There are two problems with this framing. First, while it’s not exactly wrong, it’s too simplistic and obscures some important details in the relationship between chiplets and Moore’s Law. Second, casting chiplets strictly in terms of Moore’s Law ignores some of the most exciting ideas for how we should use them in the future.

Chiplets Reverse a Long-Standing Trend Out of Necessity

The history of computing is the history of function integration. The very name integrated circuit recalls the long history of improving computer performance by building circuit components closer together. FPUs, CPU caches, memory controllers, GPUs, PCIe lanes, and I/O controllers are just some of the once-separate components that are now commonly integrated on-die.

Chiplets fundamentally reverse this trend by breaking once-monolithic chips into separate functional blocks based on how amenable these blocks are to further scaling. In AMD’s case, I/O functions and the chip’s DRAM channels are built on a 14nm die from GF (using 12nm design rules), while the actual chiplets containing the CPU cores and the L3 cache were scaled down on TSMC’s new node.

Prior to 7nm, we didn’t need chiplets because it was still more valuable to keep the entire chip unified than to break it into pieces and deal with the higher latency and power costs.

AMD-Epyc-Chiplet

Epyc’s I/O die, as shown at AMD’s New Horizon event.

Do chiplets improve scaling by virtue of focusing that effort where it’s needed most? Yes.

Is it an extra step that we didn’t previously need to take? Yes.

Chiplets are both a demonstration of how good engineers are at finding new ways to improve performance and a demonstration of how continuing to improve performance requires compromising in ways that didn’t used to be necessary. Even if they allow companies to accelerate density improvements, they’re still only applying those improvements to part of what has typically been considered a CPU.

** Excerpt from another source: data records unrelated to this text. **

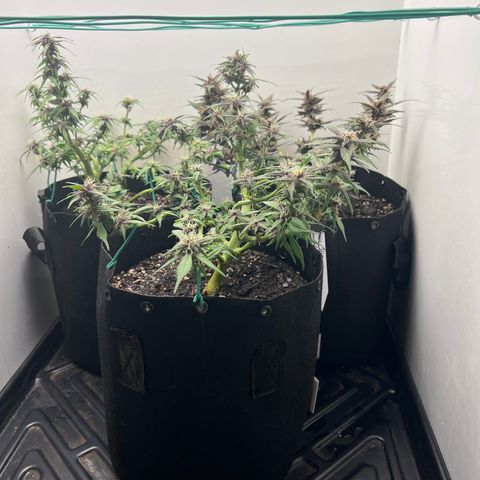 Bloody Skunk Auto growlog timeline photo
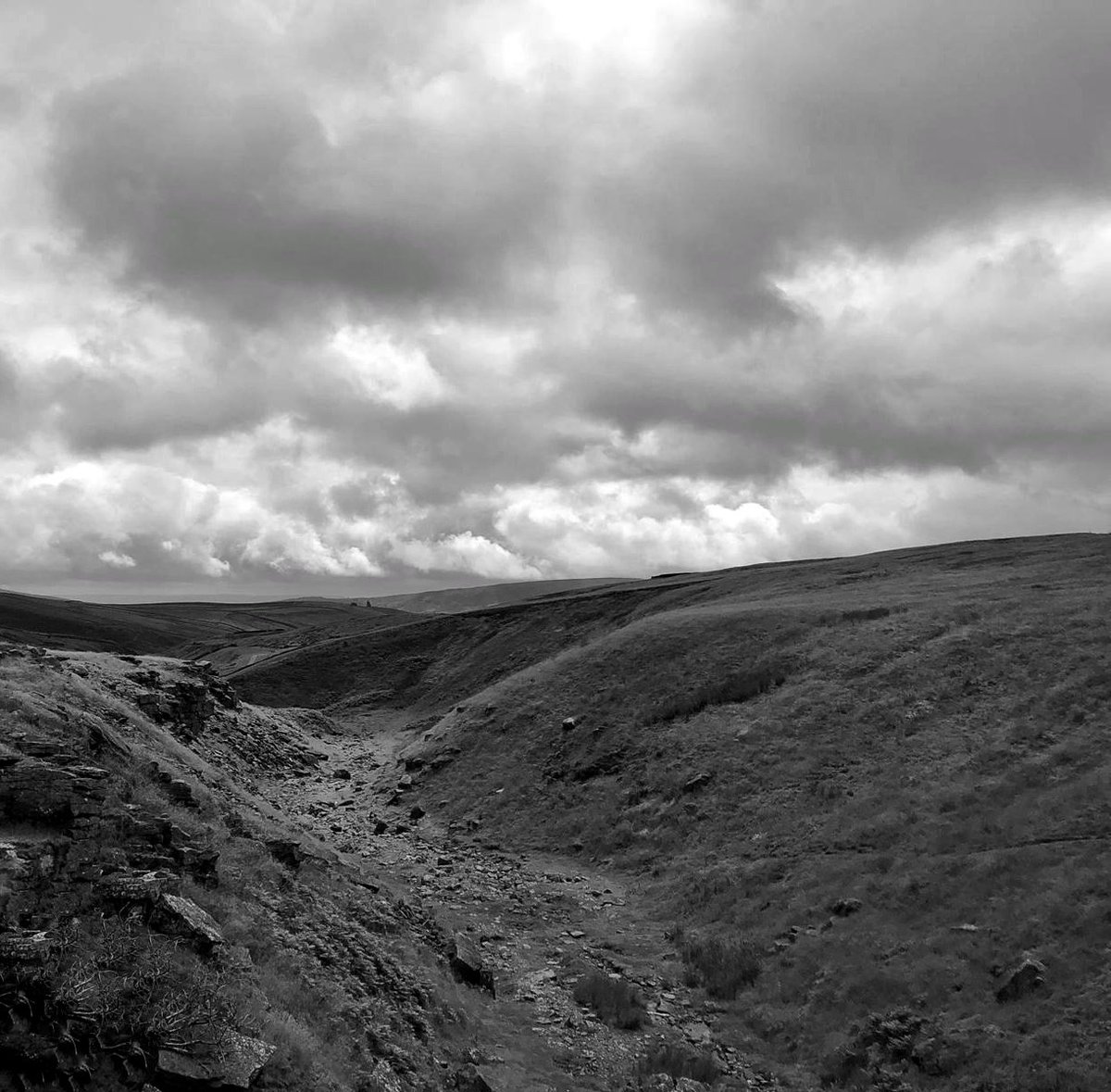 all my relations tweet media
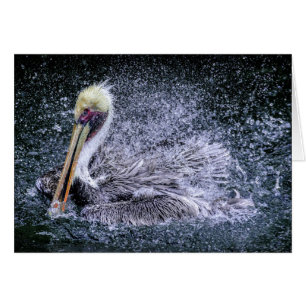 VS, Florida. Brown Pelican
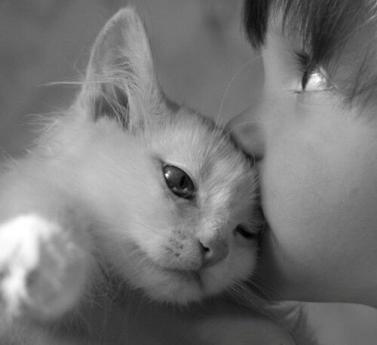 Image n°7...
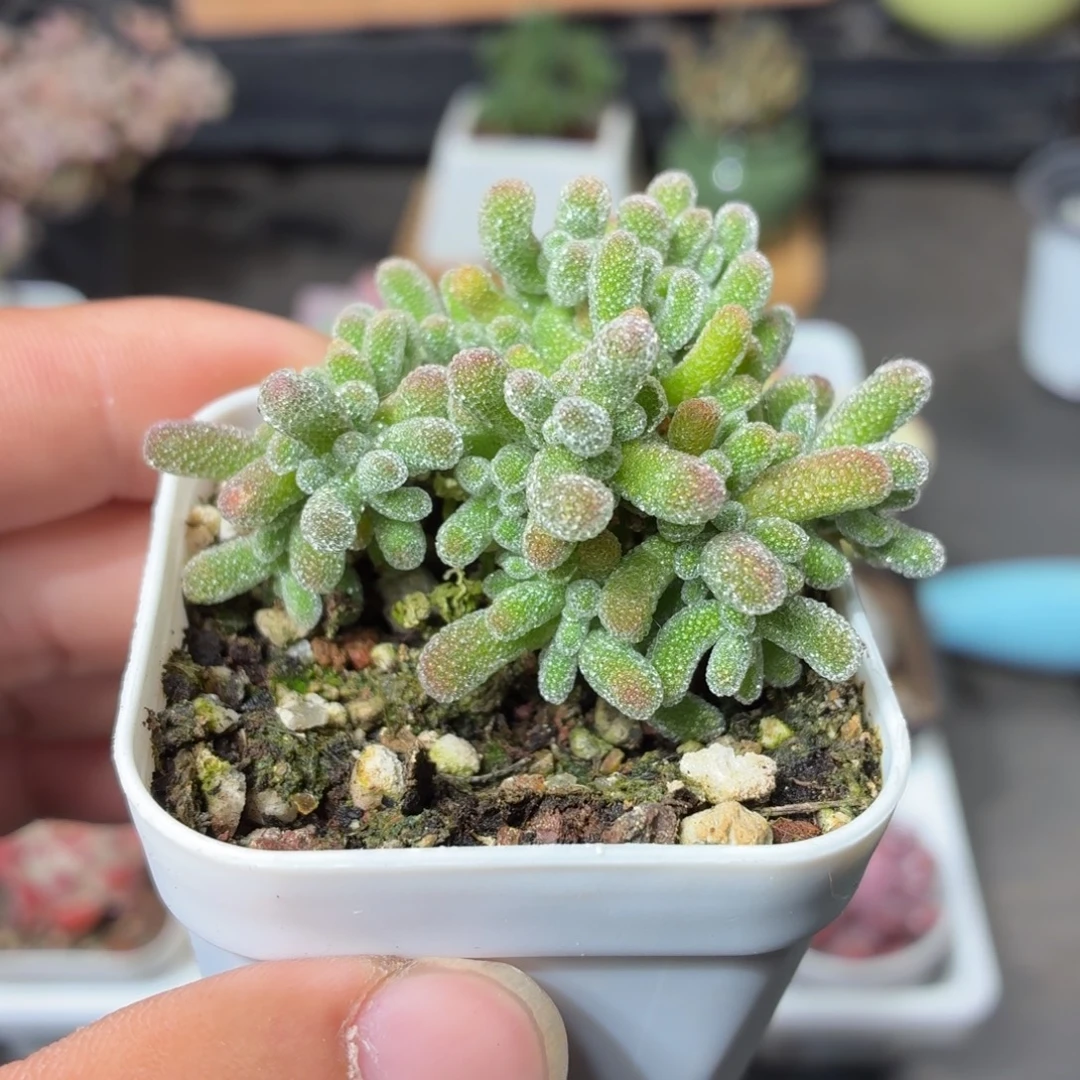 冰晶枝干多肉9.9包邮发货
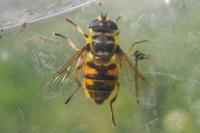Myathropa florea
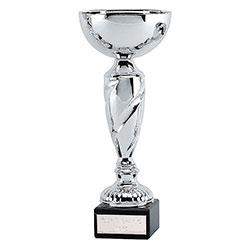 Silver Noble Cup 20cm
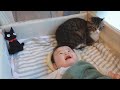 赤ちゃんも猫もお気に入りのベビーベッドがこちら【犬と猫がいる生活】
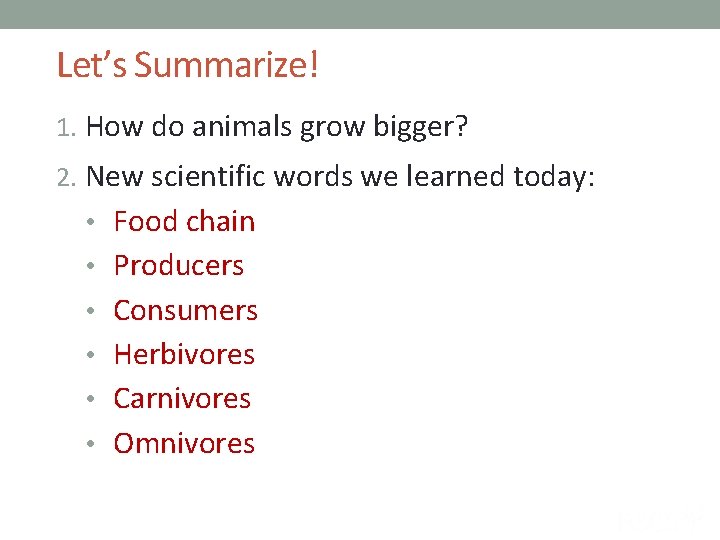 Let’s Summarize! 1. How do animals grow bigger? 2. New scientific words we learned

Also, keep in mind that endlessly increasing transistor density is of limited effectiveness without corresponding decreases in power consumption. Higher transistor densities also inevitably mean a greater chance of a performance-limiting hot spot on the die.

Chiplets: Beyond Moore’s Law

The most interesting feature of chiplets, in my own opinion, has nothing to do with their ability to drive future density scaling. I’m very curious to see if we see firms deploying chiplets made from different types of semiconductors within the same CPU. The integration of different materials, like III-V semiconductors, could allow for chiplet-to-chiplet communication to be handled via optical interconnects in future designs, or allow a conventional chiplet with a set of standard CPU cores to be paired with, say, a spintronics-based chip built on gallium nitride.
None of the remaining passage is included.